Every year Anzac Day comes around and events held across Australia attract ever growing numbers of people. At dawn services proportionately more youthful and larger crowds venerate the memory of young men (and some young women) who died in the many wars Australia has fought since the late 19th century.
The growth in popularity of Anzac Day is an intriguing phenomenon. It occurs in a period when the vast majority of Australians have never had anything to do with the armed services and have never experienced violence, other than perhaps in the street or the pub or the home.
Australia no longer has conscription or national service and most young people, especially those with tertiary education, would not consider the military as a future career path. The Australian Defence Force has been struggling to meet its recruitment quotas for some time now.
So the reason Anzac Day draws such large numbers cannot be that those who attend have a personal connection to the services. There are also some underlying cultural currents at work.
There is no doubt that Anzac Day represents a form of nationalism — this is not to belittle it, only to recognise its true nature. Anzac Day is part of a process of national imagining that takes place through ritual commemoration — a process described by historian Eric Hobsbawn in his book The Invention of Tradition and by Benedict Anderson in his famous exegesis of nationalism, Imagined Communities.

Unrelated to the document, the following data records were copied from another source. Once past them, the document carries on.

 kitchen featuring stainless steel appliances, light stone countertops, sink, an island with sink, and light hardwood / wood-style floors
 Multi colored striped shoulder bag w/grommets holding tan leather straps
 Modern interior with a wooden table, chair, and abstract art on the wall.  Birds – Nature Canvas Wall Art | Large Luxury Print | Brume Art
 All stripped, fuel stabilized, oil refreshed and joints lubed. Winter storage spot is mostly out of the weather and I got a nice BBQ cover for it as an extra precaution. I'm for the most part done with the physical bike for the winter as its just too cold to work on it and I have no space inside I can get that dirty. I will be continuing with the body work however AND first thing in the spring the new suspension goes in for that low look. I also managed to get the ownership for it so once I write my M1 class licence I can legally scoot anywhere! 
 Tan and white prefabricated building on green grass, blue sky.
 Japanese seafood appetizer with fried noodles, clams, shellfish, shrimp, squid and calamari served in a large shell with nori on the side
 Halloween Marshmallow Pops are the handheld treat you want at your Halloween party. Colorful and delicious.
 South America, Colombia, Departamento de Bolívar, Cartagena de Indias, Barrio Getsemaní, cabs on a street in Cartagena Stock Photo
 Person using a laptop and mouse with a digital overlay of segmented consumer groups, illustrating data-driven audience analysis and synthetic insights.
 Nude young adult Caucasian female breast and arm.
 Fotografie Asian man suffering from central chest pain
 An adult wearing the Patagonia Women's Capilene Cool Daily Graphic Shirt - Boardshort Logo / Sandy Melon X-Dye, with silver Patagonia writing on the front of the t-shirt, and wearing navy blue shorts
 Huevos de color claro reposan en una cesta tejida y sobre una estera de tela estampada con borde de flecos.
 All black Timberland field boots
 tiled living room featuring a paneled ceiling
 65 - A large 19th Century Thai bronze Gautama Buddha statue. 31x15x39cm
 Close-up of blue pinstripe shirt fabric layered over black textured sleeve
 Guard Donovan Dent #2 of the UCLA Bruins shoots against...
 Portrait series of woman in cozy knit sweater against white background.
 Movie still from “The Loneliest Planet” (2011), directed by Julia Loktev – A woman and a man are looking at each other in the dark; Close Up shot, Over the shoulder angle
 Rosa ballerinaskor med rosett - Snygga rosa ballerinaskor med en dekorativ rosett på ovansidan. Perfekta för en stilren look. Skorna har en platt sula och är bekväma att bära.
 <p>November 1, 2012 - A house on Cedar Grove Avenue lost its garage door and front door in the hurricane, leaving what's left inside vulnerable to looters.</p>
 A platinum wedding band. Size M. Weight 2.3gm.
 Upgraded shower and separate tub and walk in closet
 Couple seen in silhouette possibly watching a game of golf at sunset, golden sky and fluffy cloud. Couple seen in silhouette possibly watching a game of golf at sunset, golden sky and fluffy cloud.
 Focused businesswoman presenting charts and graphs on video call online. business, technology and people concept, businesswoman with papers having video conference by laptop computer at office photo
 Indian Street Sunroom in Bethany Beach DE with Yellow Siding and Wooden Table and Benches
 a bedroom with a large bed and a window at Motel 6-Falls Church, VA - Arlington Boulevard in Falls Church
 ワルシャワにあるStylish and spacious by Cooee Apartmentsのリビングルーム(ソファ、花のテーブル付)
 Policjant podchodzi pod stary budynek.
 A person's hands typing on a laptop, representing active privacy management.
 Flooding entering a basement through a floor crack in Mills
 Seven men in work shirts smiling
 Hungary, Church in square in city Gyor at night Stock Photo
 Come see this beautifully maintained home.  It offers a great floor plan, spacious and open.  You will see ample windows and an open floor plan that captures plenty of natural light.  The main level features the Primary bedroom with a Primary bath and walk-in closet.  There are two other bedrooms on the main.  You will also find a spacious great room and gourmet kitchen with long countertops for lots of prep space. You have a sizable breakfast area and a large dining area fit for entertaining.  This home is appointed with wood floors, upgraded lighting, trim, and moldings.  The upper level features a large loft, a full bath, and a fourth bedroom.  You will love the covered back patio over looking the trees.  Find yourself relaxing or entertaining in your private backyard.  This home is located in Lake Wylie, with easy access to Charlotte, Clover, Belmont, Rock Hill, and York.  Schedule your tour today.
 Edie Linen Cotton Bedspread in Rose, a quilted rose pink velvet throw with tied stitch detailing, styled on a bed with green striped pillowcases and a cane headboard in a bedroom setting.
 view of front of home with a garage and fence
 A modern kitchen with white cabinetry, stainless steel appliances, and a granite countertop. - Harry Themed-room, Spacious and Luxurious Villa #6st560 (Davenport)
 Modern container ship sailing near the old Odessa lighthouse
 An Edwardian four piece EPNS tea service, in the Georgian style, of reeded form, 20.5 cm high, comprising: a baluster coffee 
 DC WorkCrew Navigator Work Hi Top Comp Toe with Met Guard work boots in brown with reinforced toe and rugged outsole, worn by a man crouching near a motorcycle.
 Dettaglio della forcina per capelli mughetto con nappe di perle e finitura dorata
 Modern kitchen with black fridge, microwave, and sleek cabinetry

By paying tribute to the Anzacs, Australians reinforce their sense of common identity: in doing so the Australian nation is imagined as a sovereign and limited community defined by certain ideals.
Arguably this focus on ideals is what makes Anzac Day so popular. Day to day political affairs and cultural and social debate is often antagonistic — democracy as a process of public argument rather than public reasoning. And in the realm of morality, modern life is defined by a plurality of moral perspectives so that it is difficult to form a moral consensus on a wide variety of issues. Anzac Day, by contrast, is an occasion for public concord and consensus — it is marked by displays of solidarity.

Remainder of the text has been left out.